Spin-off issue from #320331-133: Turn custom_url_rewrite_inbound and custom_url_rewrite_outbound into hooks.

hook_url_inbound_alter() is great, but surely there must be some way to not have it destroy the performance gains from page caching when using a module that just needs to know $_GET['q'] within hook_boot() or hook_exit().

Comments

effulgentsia’s picture

Issue tags: +Performance

tagging

catch’s picture

subscribing.

gpk’s picture

What does hook_url_inbound_alter() need to make it run successfully, apart from drupal_alter() being available?

dave reid’s picture

Mostly it was drupal_alter() and the assumption that since this is the opposite of hook_url_outbound_alter(), it should run the same bootstrap. We could make a copy of it and put it into bootstrap.inc (bootstrap_alter). Also in the test function we had used user_load_by_name() but I guess that could be converted to a simpler query: SELECT uid FROM {users} WHERE name = :name instead of relying on user.module being loaded. I guess if a module implementation of hook_url_inbound_alter() needed a full bootstrap it could do so itself and we can add BOOTSTRAP_PATH back in.

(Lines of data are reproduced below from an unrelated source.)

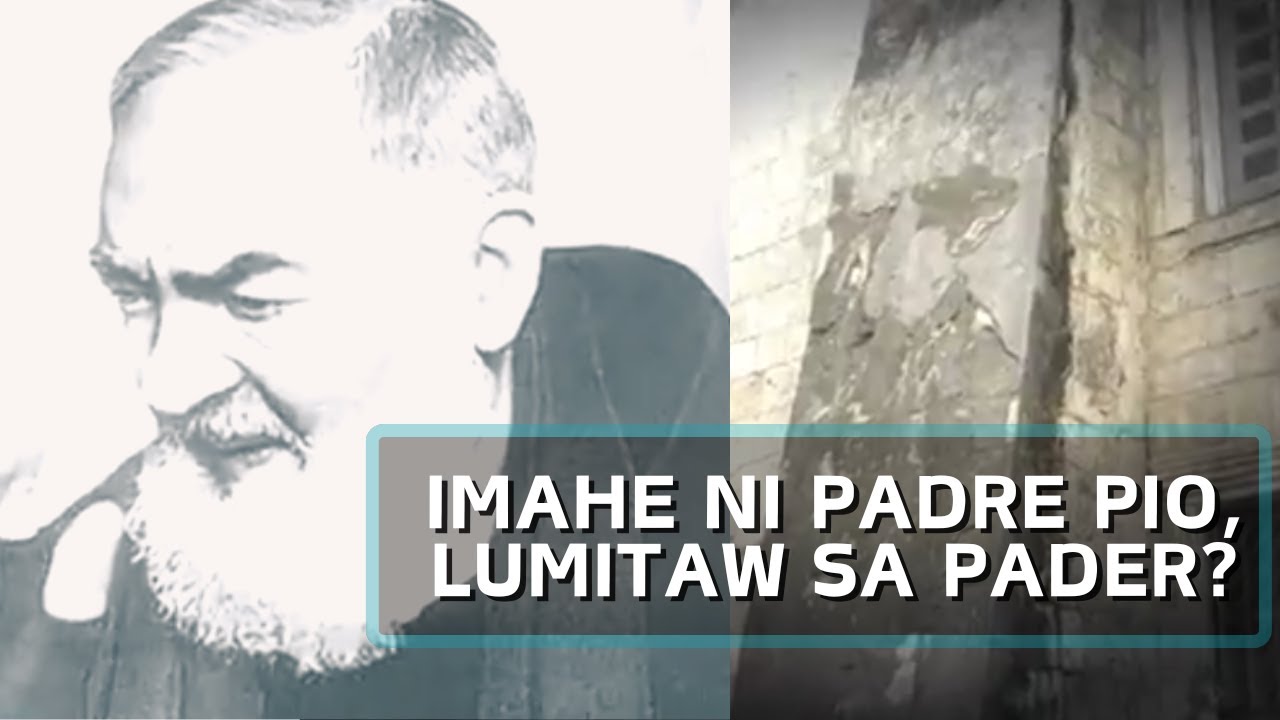 Imahe ni Padre Pio, lumitaw sa pader ng Baclayon Church sa Bohol | Chances Are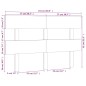 vidaXL Kopfteil Weiß 154x3x81 cm Massivholz Kiefer vidaXL Kopfteil Weiß 154x3x81 cm Massivholz Kiefer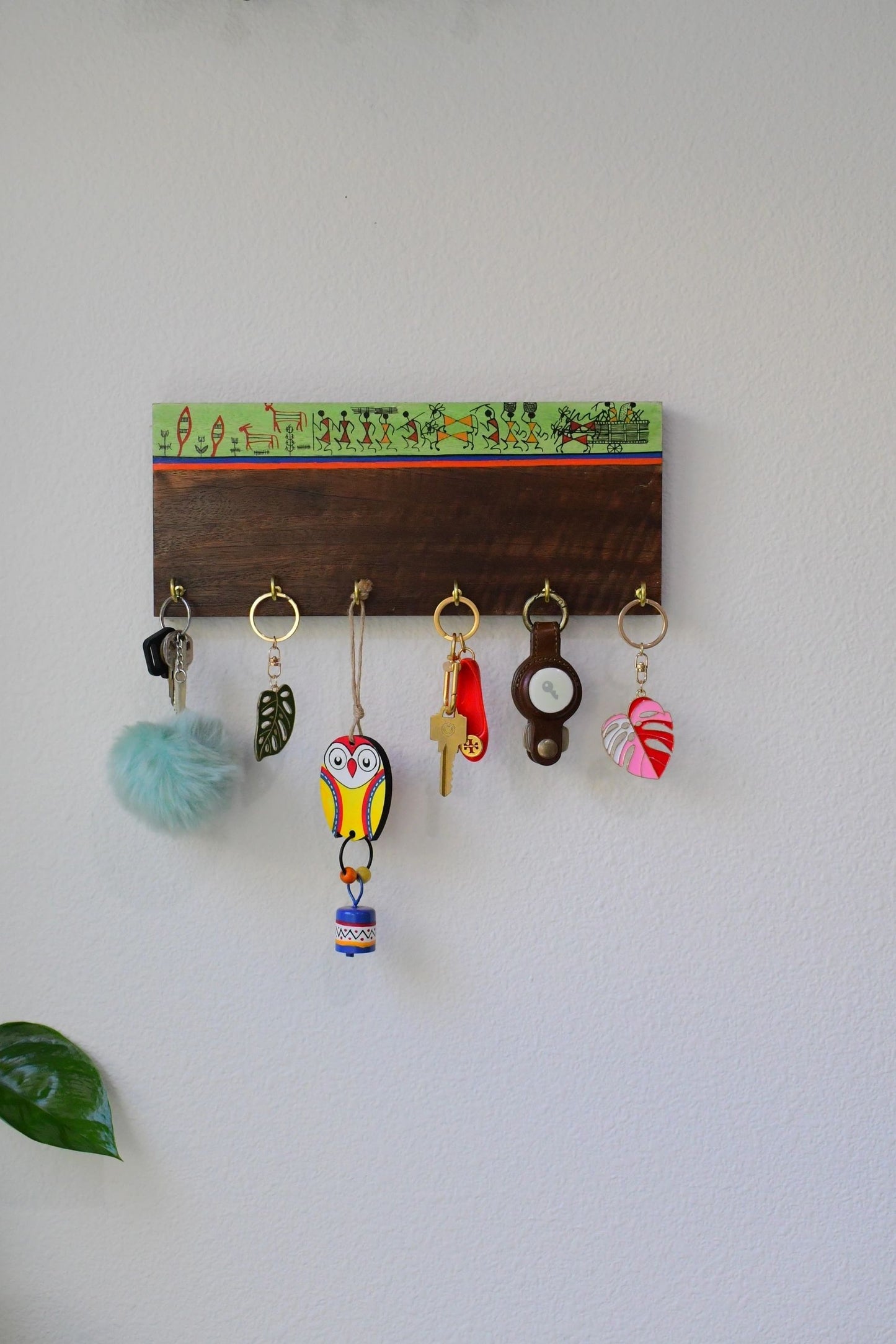 Warli Wonder Key Holder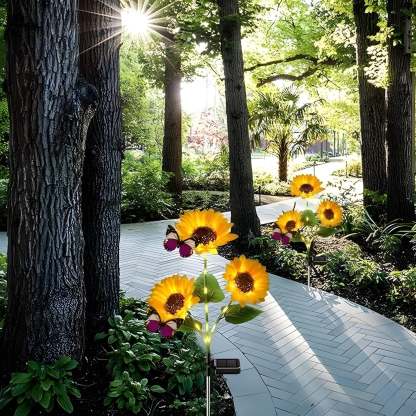 Kaliqo™ – Solar Sunflower LED Lights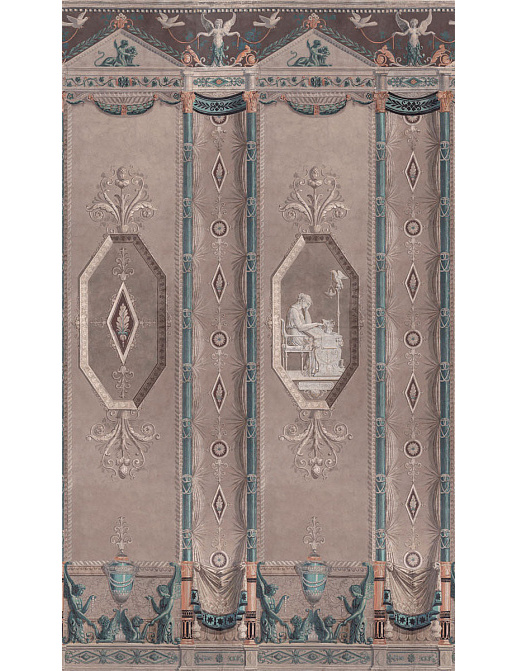 Панно и фотообои Iksel Scenic & Architectural Wallpapers Percier & Fontaine Muse EMP MUS B2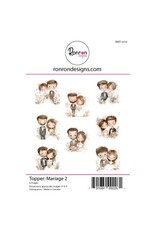 RONRON DESIGNS RONRON DESIGNS MARIAGE 2 TOPPERS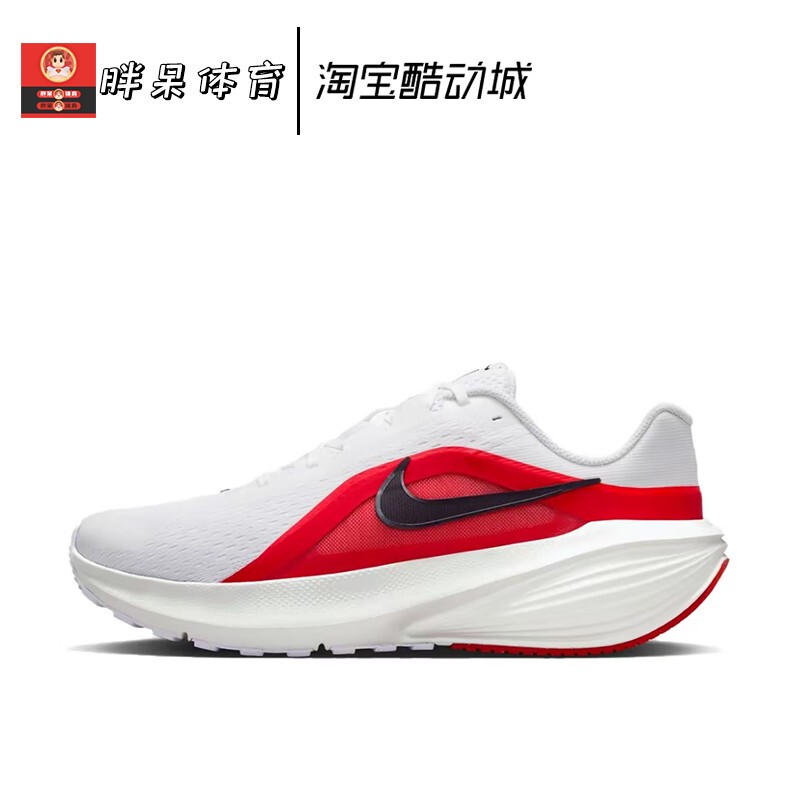 Nike Nike Downshifter 14 White and Red Sports Cushioning Training Running Shoes Ib1895-103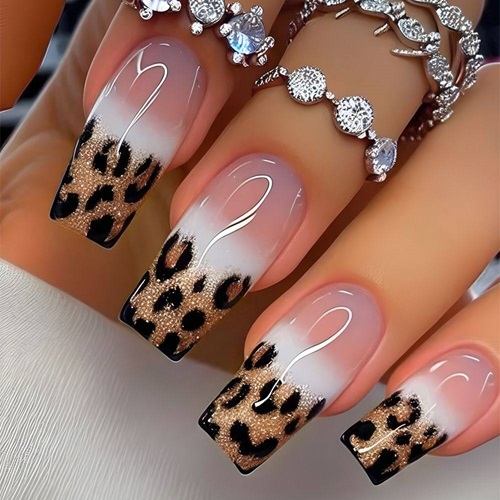 Wild Elegance Ombre Nails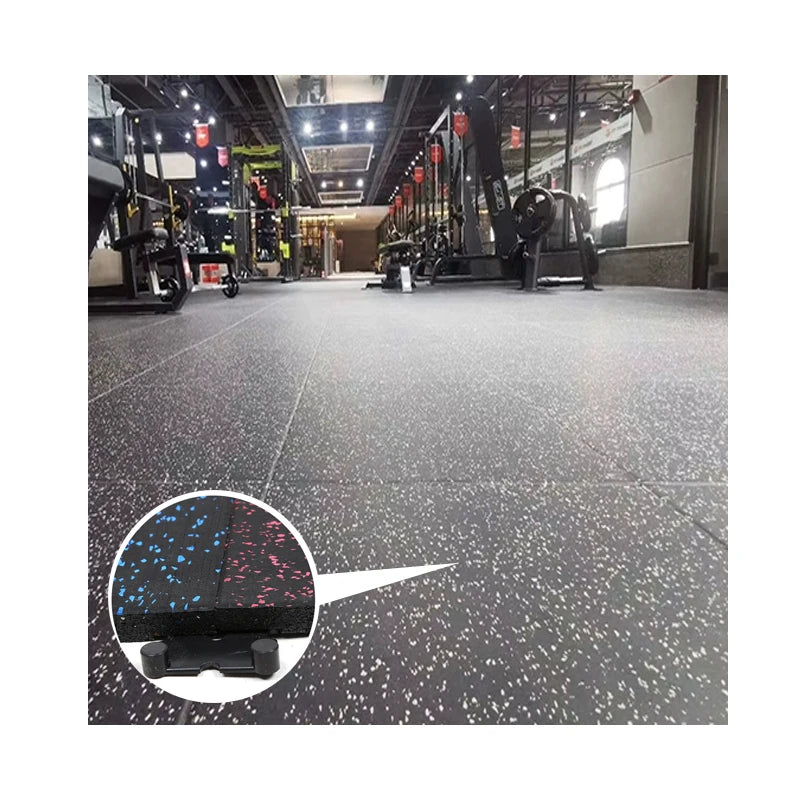 Odourless Elastic Weight Lifting Rubber Gym Mats Floor Tiles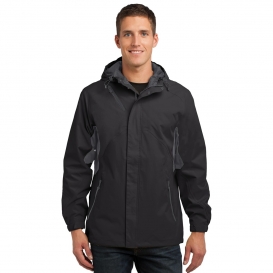 Port Authority J322 Cascade Waterproof Jacket - Black/Magnet Grey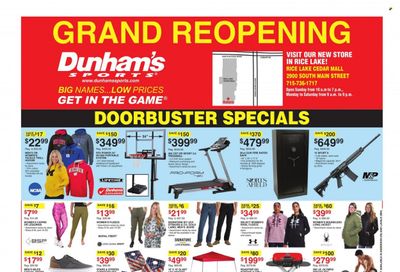 Dunham's Sports (WI) Weekly Ad Flyer March 6 to March 13
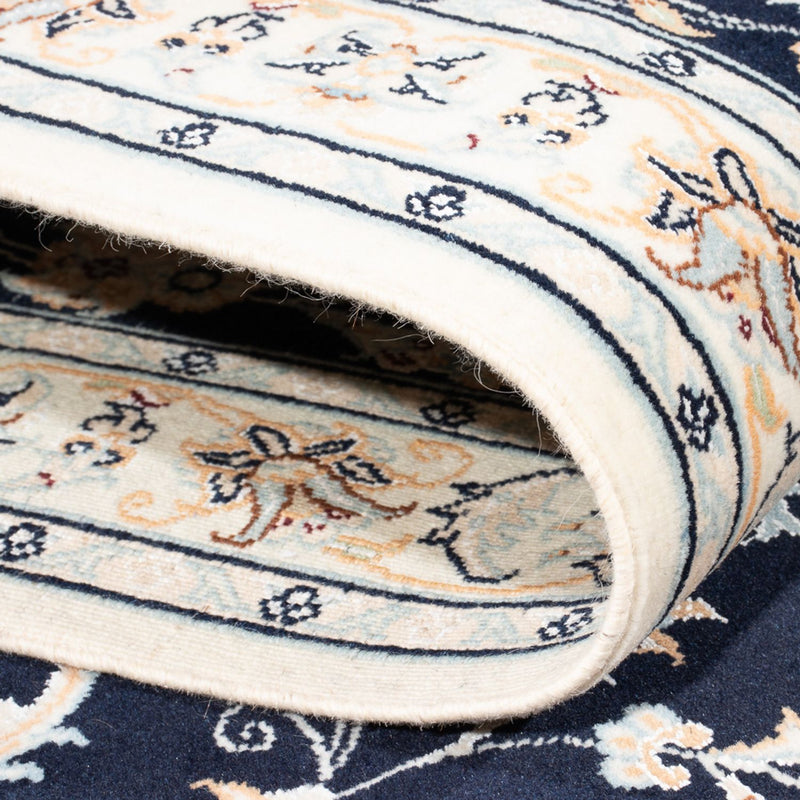 Løper Persisk teppe - Nain - Premium - 302 x 83 cm - mørkeblå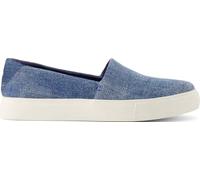 TOMS Baskets Kameron à Enfiler pour Femme, Denim texturé Ciel foncé, 41 EU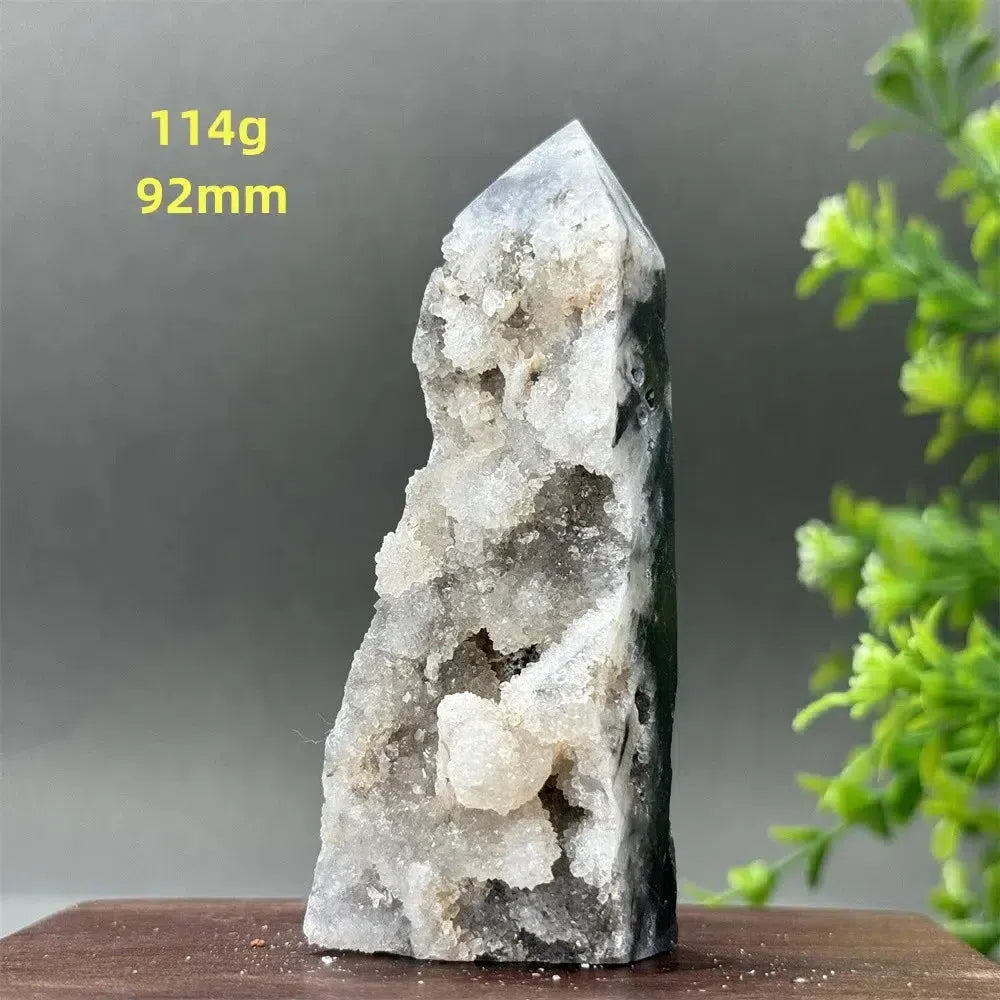 Sphalerite Geode Raw Edge Tower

Other changes required to revert removing the bootstrap:
- Add 'url_inbound_alter' to http://api.drupal.org/api/function/bootstrap_hooks/7
- Add to the hook documentation that a full bootstrap is not available.

dave reid’s picture

I'd also like to see more benchmarks with the current code and statistics module enabled. Ones I did indicated little difference. Recent ones indicate huge difference.

gpk’s picture

@5: my hunch in #320331-121: Turn custom_url_rewrite_inbound and custom_url_rewrite_outbound into hooks was that the page cache probably wasn't turned on for your tests.

Re 4:
> - Add 'url_inbound_alter' to http://api.drupal.org/api/function/bootstrap_hooks/7
Given that the 'url_inbound_alter' hook is only required during a cached page response if a module (e.g. statistics) has upped the bootstrap phase to DRUPAL_BOOTSTRAP_PATH, can we distinguish between boot/exit/watchdog and url_inbound_alter? Otherwise we could be loading modules unnecessarily. The bootstrap column in {system} is already a full-blown int so there's certainly room to store the info..

dave reid’s picture

It would needed to be added to bootstrap_hooks since it's invoked prior to all modules loaded. Otherwise modules that do implement url_inbound_alter() but not the other bootstrap hooks would never be run.

gpk’s picture

I was thinking that in many cases this could cause such modules to be loaded unnecessarily, however possibly it would require too big an API change at this stage to finesse the loading of these modules. Same could also be said for modules implementing hook_watchdog - in 99% of cached page requests they will not be needed.

sun.core’s picture

Priority: Critical » Normal

Not critical. Please read and understand Priority levels of Issues, thanks.

effulgentsia’s picture

Priority: Normal » Critical

To be honest, I don't entirely understand the description of "critical" on that page, but if "critical" means we should not release Drupal 7 until this is resolved, then this issue is critical as per #320331-126: Turn custom_url_rewrite_inbound and custom_url_rewrite_outbound into hooks and remaining discussion on that issue. Turning url inbound rewriting from a handler to an alter hook resulted in a site with statistics module enabled having 500% or worse performance degradation for serving cached pages, and according to webchick, this is unacceptable. This issue can be marked fixed if we roll that other one back. But I don't accept that that's the only path towards fixing this.

catch’s picture

Yes, we either fix this, or we roll back hook_url_*_alter(). Note that the hooks also cause potentially infinite recursion if you call url() inside taxonomy_term_load() per #712076: Infinite loop possibility and performance problems in forum_url_outbound_alter().

effulgentsia’s picture

Title: Full bootstrap is required for $_GET['q'] to be initialized: makes page caching incompatible with statistics module » A site with statistics module enabled is much slower in serving cached pages in D7 than in D6

Better issue title I think, and one that got me thinking about an alternate way to solve the problem.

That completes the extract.